_Aim of the task_.
Set down, word for word, the line with "Now in MongoDB, you" and the lines after it through the final line of the data below, without pictures.

_Data segment_.
########
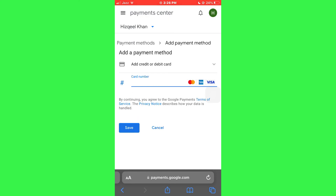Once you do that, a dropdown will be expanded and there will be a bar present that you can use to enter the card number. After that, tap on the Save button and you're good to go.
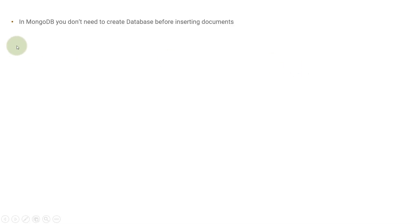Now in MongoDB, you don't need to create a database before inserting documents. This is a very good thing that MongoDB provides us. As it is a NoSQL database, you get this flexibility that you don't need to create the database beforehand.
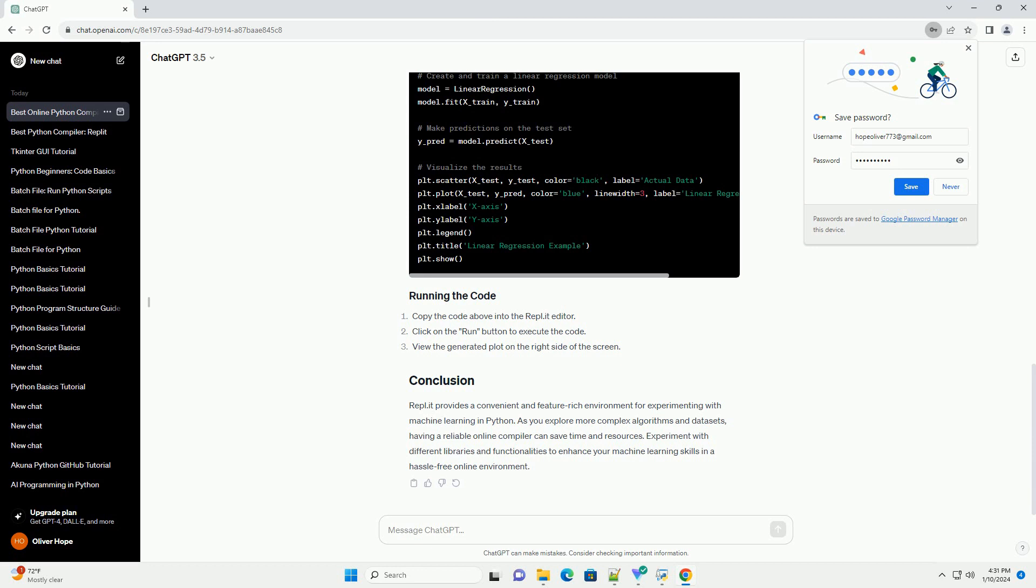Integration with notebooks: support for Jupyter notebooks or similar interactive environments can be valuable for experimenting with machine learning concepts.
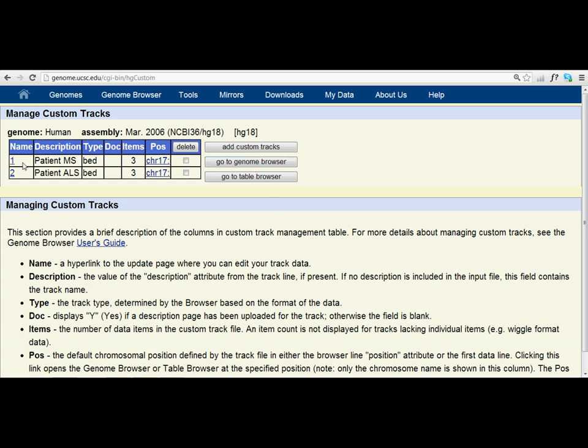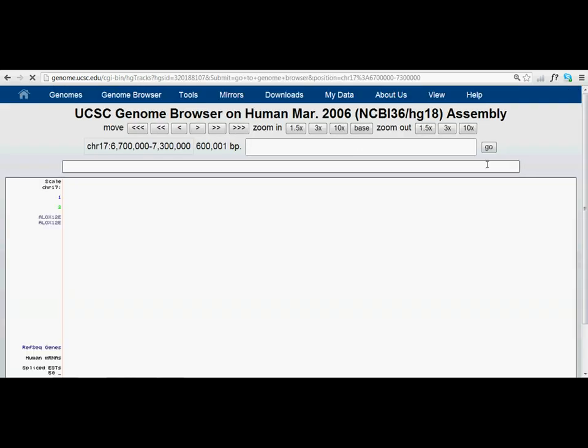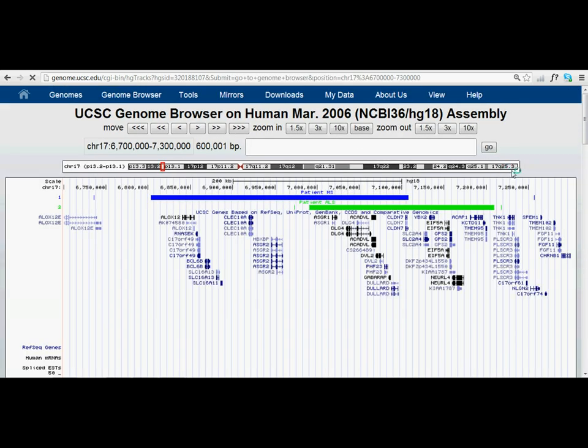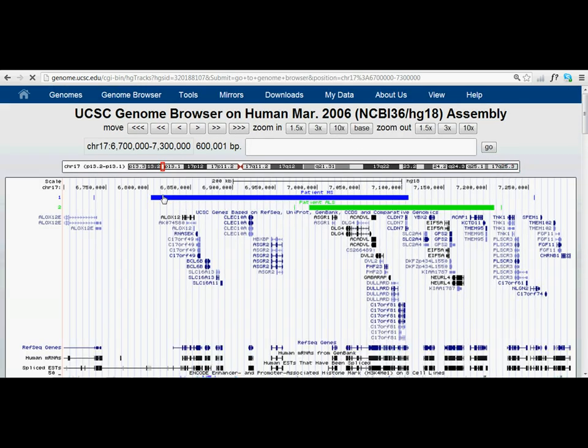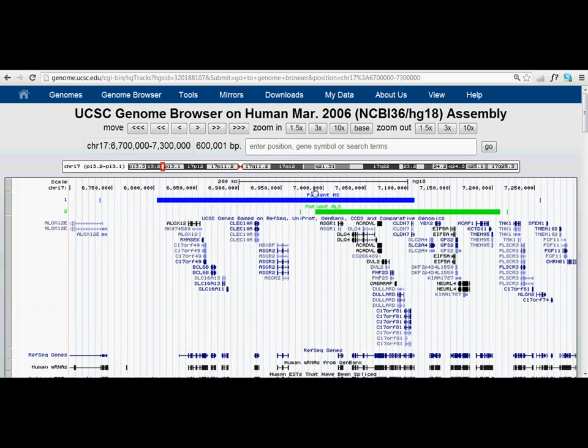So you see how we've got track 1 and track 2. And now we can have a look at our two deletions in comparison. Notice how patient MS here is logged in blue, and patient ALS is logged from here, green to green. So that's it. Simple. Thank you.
########
_The answer_.
Now in MongoDB, you don't need to create a database before inserting documents. This is a very good thing that MongoDB provides us. As it is a NoSQL database, you get this flexibility that you don't need to create the database beforehand.
Integration with notebooks: support for Jupyter notebooks or similar interactive environments can be valuable for experimenting with machine learning concepts.
So you see how we've got track 1 and track 2. And now we can have a look at our two deletions in comparison. Notice how patient MS here is logged in blue, and patient ALS is logged from here, green to green. So that's it. Simple. Thank you.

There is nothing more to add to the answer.